There’s talk of elections, of course, if negotiations fail, or if the deal is one the Syriza leadership can’t get past the party—which comes to the same thing. It’s difficult to see what purpose those would serve. Goldman Sachs, which helped the Greek government fudge its debt back in 2002, has had the chutzpah to suggest that Greece needs new leadership. The creditors and their allies appear to have a fantasy that there’s an alternative government waiting in the wings—some sort of coalition with the new centrist Potami formation led by a former TV journalist (hatred for whom unites Syriza like nothing else), or with former MPs from decimated Pasok, or perhaps a zombie formation led by New Democracy’s discredited former prime minister, Antonis Samaras. There isn’t. If it can stay united, Syriza would win again—but which Syriza would go the polls? The one that’s against austerity, or the one that’s for staying in Europe? If the Brussels Group, as the troika is now called, insists on forcing the wedge still deeper, there’s no knowing what will follow.

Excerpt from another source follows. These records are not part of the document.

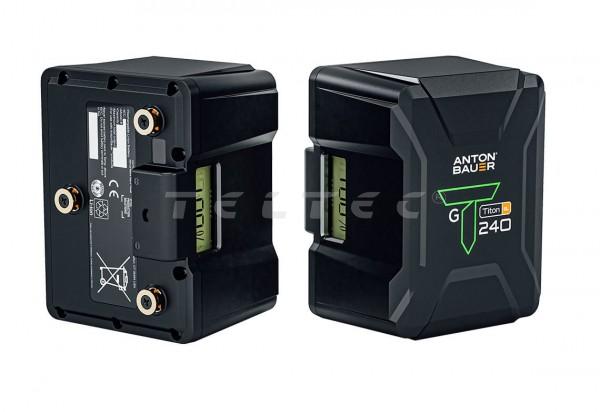 Anton Bauer Titon G240 (238 Wh)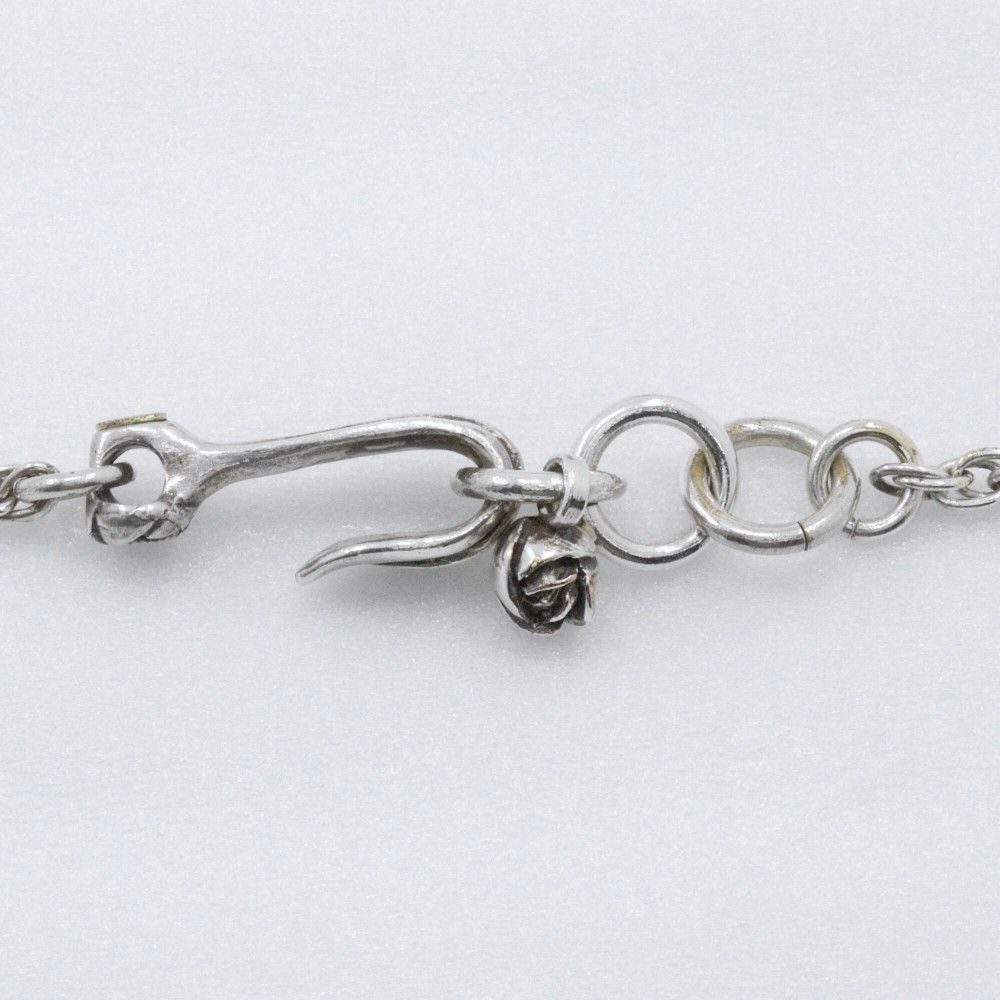 Chanel Chanel Chanel Camelia Necklace Metal Necklace DUTY FREE for USA Size ONE SIZE - 6 Thumbnail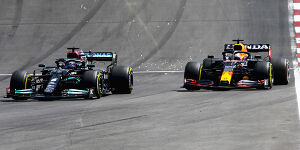 Foto zur News: Max Verstappen: Wo Mercedes dem Honda-Motor noch voraus ist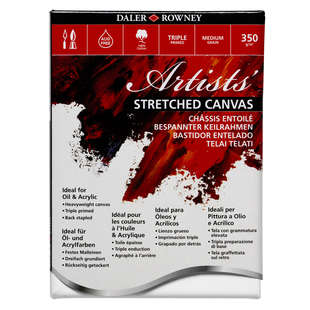 DR Artists" Canvas 100x120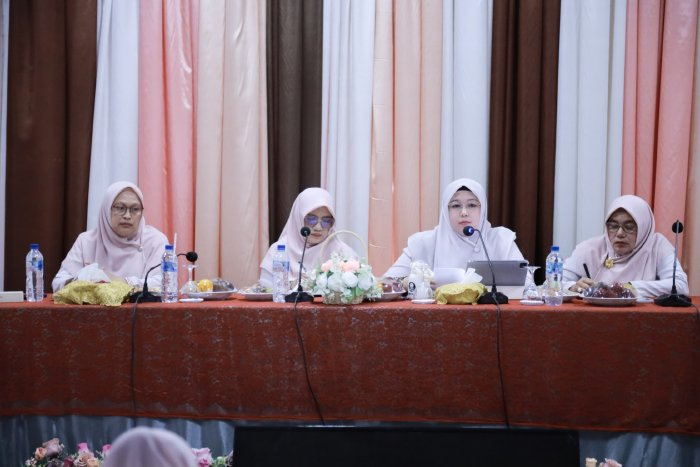 Rita Mayasari: Kekompakan dan Semangat Kebersamaan Kunci Sukses Program TP PKK Aceh Besar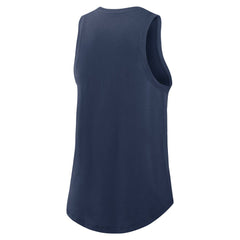 Minnesota Twins Nike Women's Legacy Icon High Neck Dri-FIT Tank Top - MLB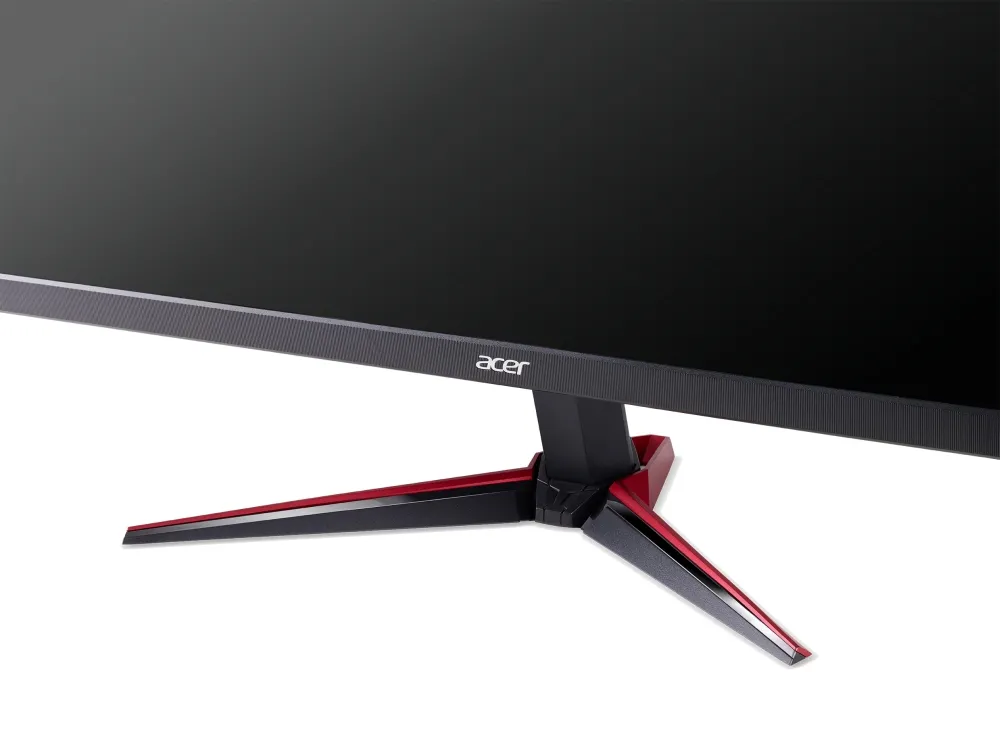 Монитор, Acer Nitro VG240Ybmiix, 23.8" Wide IPS LED, Anti-Glare, ZeroFrame, FreeSync, 75Hz, 1ms, 100M:1, 250 cd/m2, FHD 1920x1080, VGA, 2xHDMI, Speakers 2Wx2, Audio in/out, Acer Display Widget, Black - image 5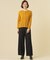 【人気定番アイテム】KNIT BASIC クルーネック カーディガン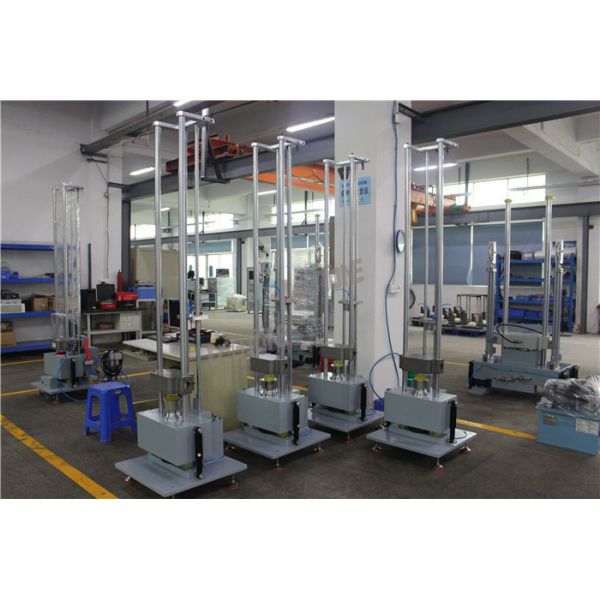 Высокий изготовитель оборудования для испытаний батареи тестера УН38.3 удара ускорения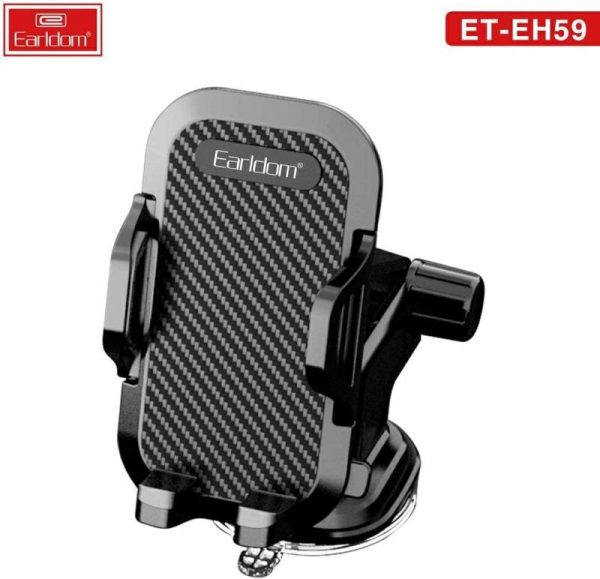 Phone Holder & Charger |   Universal Car Holder For Smartphone Et-Eh59 Car Accessories Phone Holder & Charger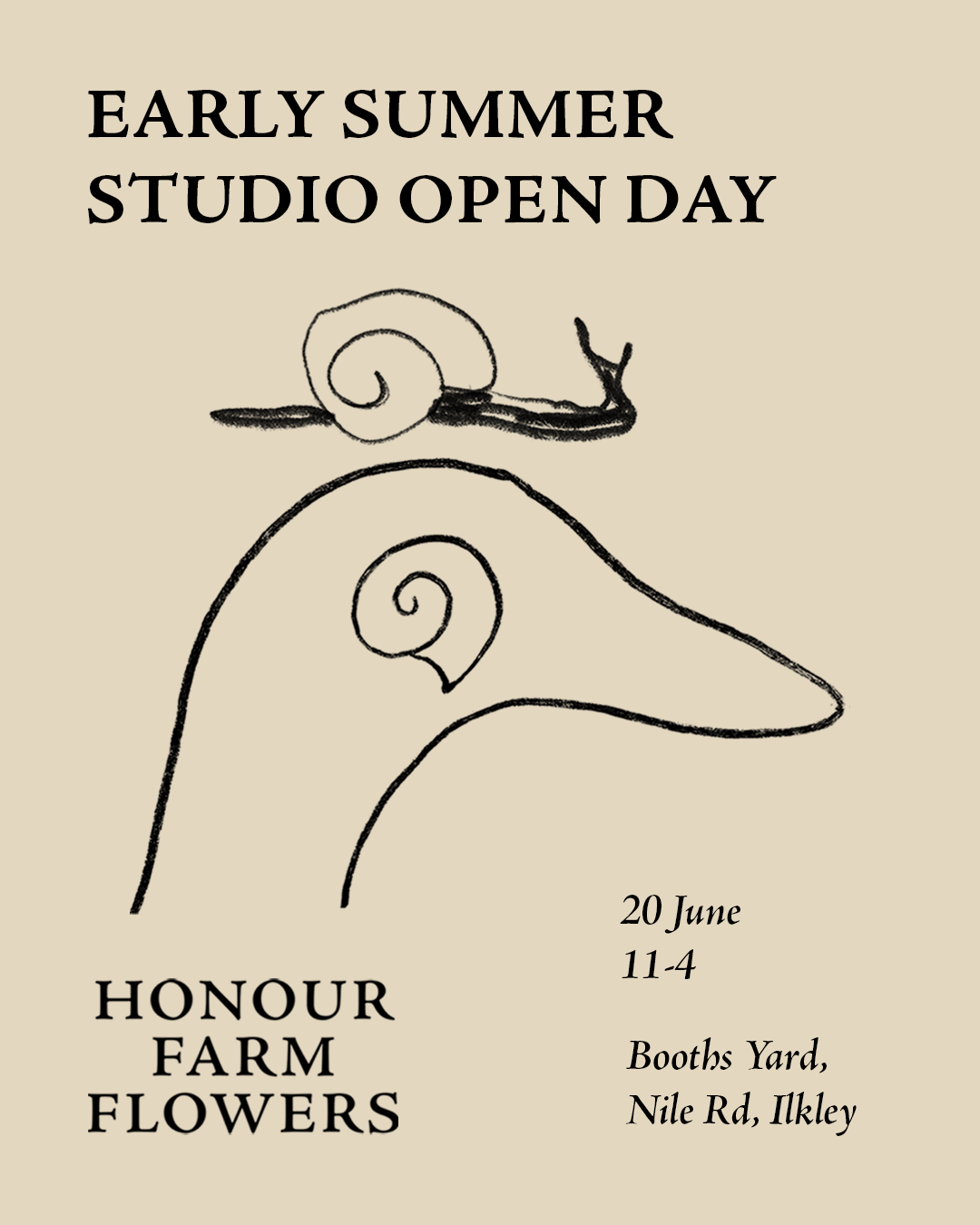 ILKLEY STUDIO OPEN DAY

Still, there are silver linings, and even a kind of optimism in the air. Something is moving at last. There are more Greek products in the shops—from soap to food to clothing. The solidarity networks are weary but holding up. As the political scientist Dimitris Christopoulos reminded me, the last time Greece was this deeply riven, the last time the left went head to head with the European establishment, there was a civil war. This time the battle is being fought with documents, not guns. It’s summer. The light is amazing. And whatever missteps or mistakes Syriza may have made, someone has spoken up—for all those crushed by austerity, for hope, for democracy.